Second, incomplete reporting of the angle of the coil with the head could be explained by the fact that the angle used by convention is a 90-degree angle to the ground.21 The angle differs only in sham rTMS, in some trials, in which an ineffective angle of 45 degrees and misplacement of the coil could be used to mimic rTMS procedures. After analyzing our results, we found two items describing the angle, the 4.f angle and the 9.a description of the targeted area. We consider that the item 4.f. angle can be removed from the checklist for a future evaluation of the rTMS description because it is a part of the description of the “how targeted area.”
Third, rTMS is a complex nonpharmacological intervention requiring the description of a large number of components to provide a complete description of some TIDieR items. This point has been raised previously.10 In our study, we found a high proportion of complete descriptions for the “when” and “how much” items as compared with previous studies assessing the reporting of nonpharmacological interventions.13 Descriptions of the number of rTMS sessions, number of pulses, duration of one session, and total duration of treatment were complete in more than 95% interventions. Nevertheless, we acknowledge that the number of pulses could be more precisely defined and suggest that future protocols or reports of RCTs should also include the description of the number of pulses per train, the number of trains, and the time between each train.10
The Peterchev recommendations do not mention the description of environmental factors that could influence rTMS efficacy and focus on the description of coil or electrode configuration parameters and stimulus waveform parameters. One component of our checklist was the description of mental activity during rTMS; it was described in the full text for 10 of 134 interventions and obtained after contacting authors for 18 further interventions. The importance of reporting guided mental activity or, in contrast, reporting of the absence of indications provided to participants regarding their mental activity can be discussed. However, recent studies show that some kinds of mental activities such as day dreaming,22 hypnosis,23 or internal speaking24 may be correlated with spontaneous electrical activity of the brain.
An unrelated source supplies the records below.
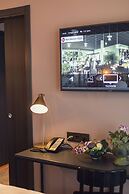 Best Western Plus Hus 57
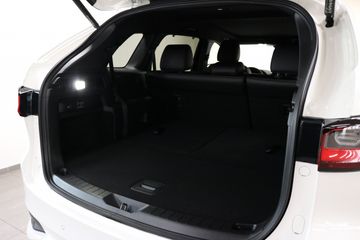 Voertuigafbeelding 36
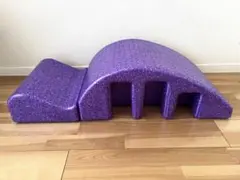 2026年最新】スパインコレクターの人気アイテム - メルカリ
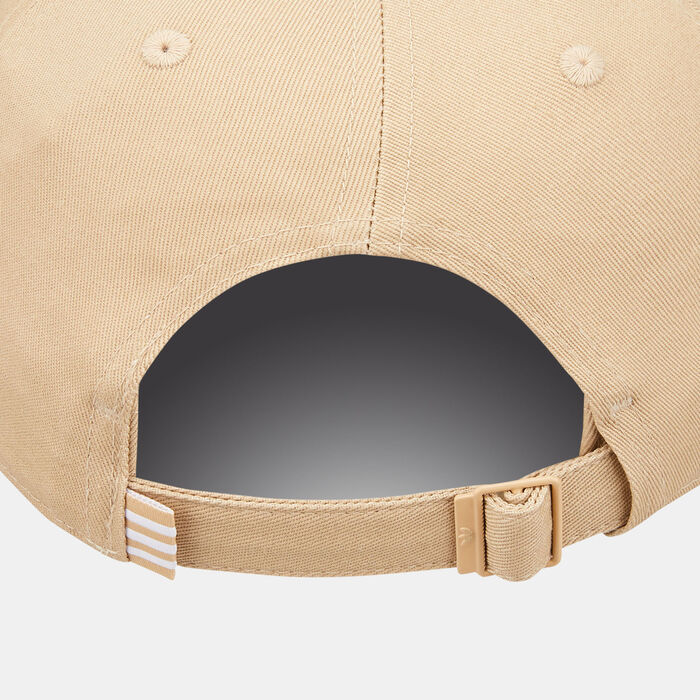 Trefoil Baseball Cap Trefoil Baseball Cap image number 1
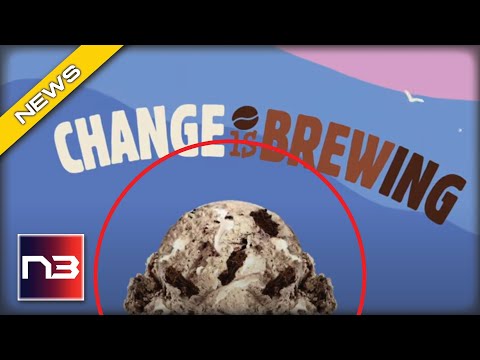 Read more about the article Ben And Jerry’s Releases New Ice Cream Flavor To Defund The Police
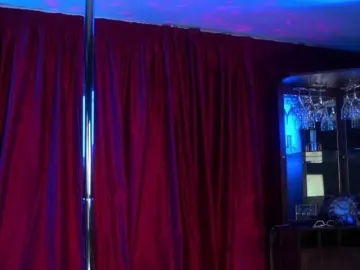 Bongacams Live Porn of AstridVex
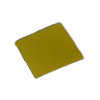 49001446 - FOAM, SINGLESIDE, 25x25x1.0T, EP304, - Product Image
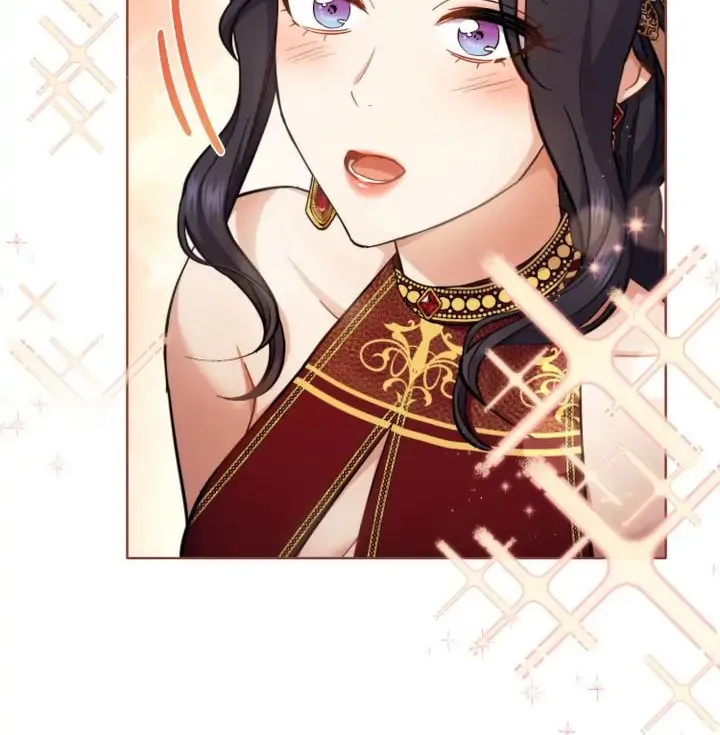 Read Lies Become You chapter 27 image 10 on Lezhin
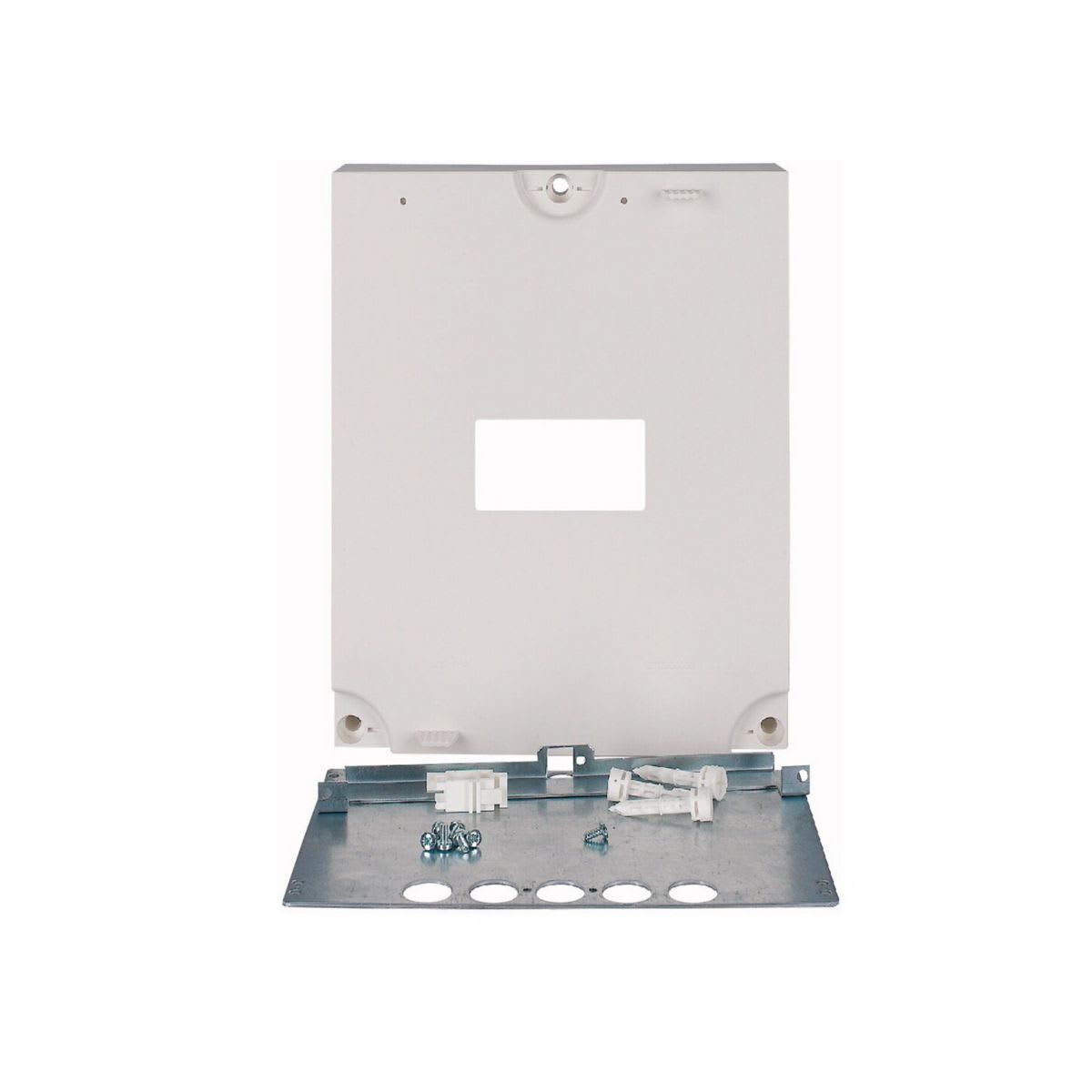 Eaton Electric - EWK-NZM1-KIT Modulsett NZM1 EWK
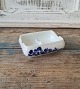Royal Copenhagen Blue Flower dish no. 8150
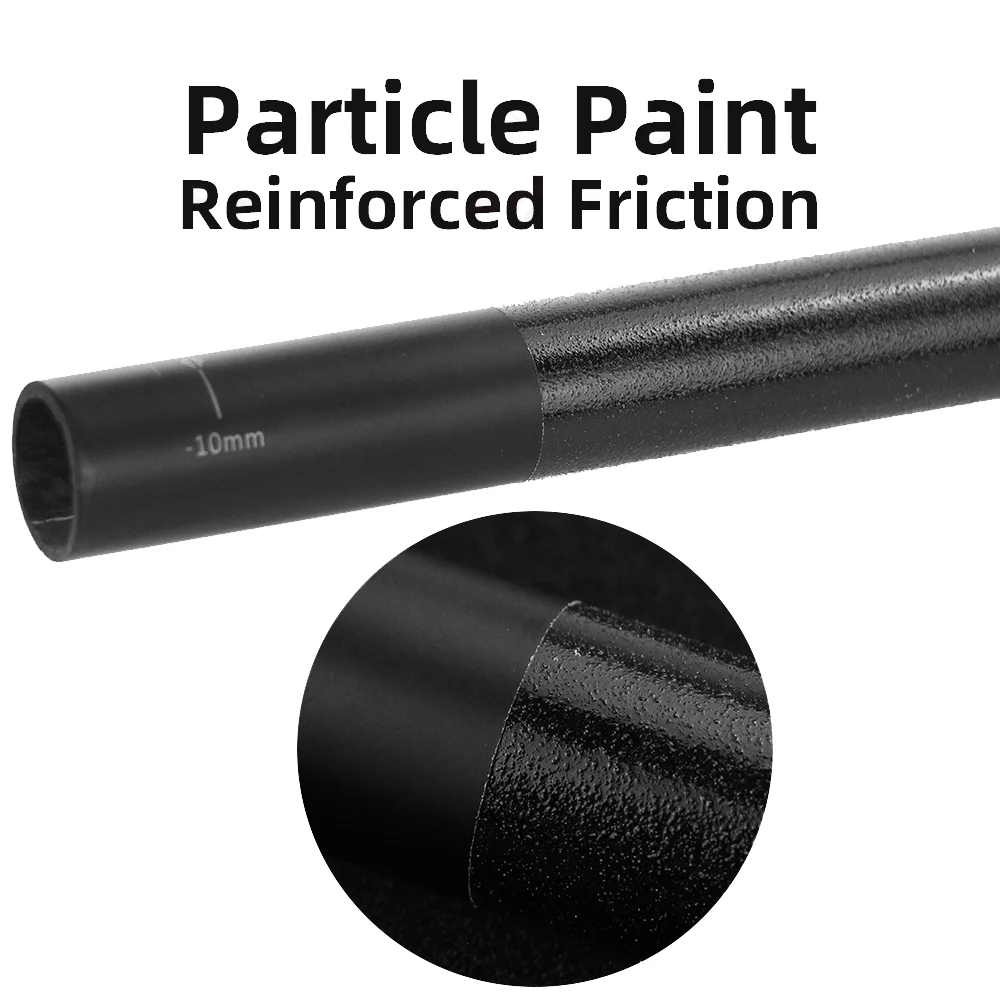 SYNCROS MTB 8° Bar FRASER IC SL Full Carbon Fiber Integration cockpit Handlebar for Mountain Bike 28.6mm 30mm 40mm 50mm 60mm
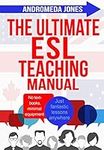 The Ultimate ESL Teaching Manual: N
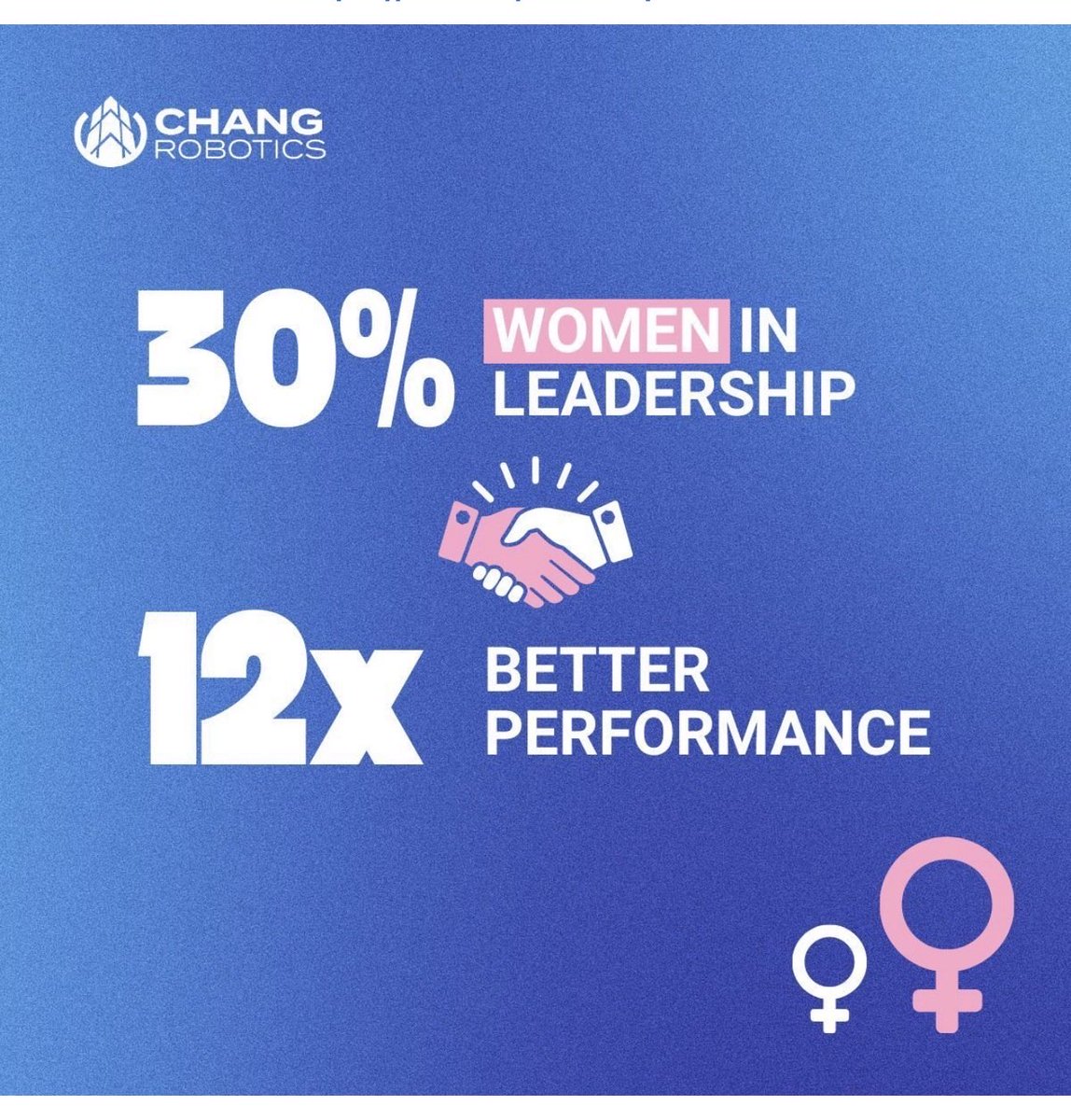 Matthew Chang tweet media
This spontaneous electrical activity may interact with the cortex stimulation and modify the rTMS efficiency.25 We thus consider that mental activity is a component of the rTMS intervention that needs to be reported for an accurate replication and a better understanding of their relation with rTMS efficacy.
This is the first study to provide an assessment of the completeness of the description of the rTMS intervention in RCTs. Strengths of this study include the use of a systematic search of trials evaluating rTMS in MDD without limitations on date or database, data assessment performed by two independent raters, and use of the TIDieR checklist. We further adapted the TIDieR checklist to accurately assess the rTMS characteristics. Our poor response rate (16.5%) to our author survey might be explained by a lack of interest or sensitization of authors to the issue or difficulties in recalling some intervention details for older trials.
Components of rTMS interventions delivered in RCTs are incompletely reported, which prevents their adequate implementation in clinical practice and limits the correct interpretation of their efficacy. Our findings encourage authors, editors, and reviewers to use and spread the existing reporting guidelines, specifically the TIDieR checklist. Our adapted-to-rTMS TIDieR checklist could be used to help in the reporting of future trials.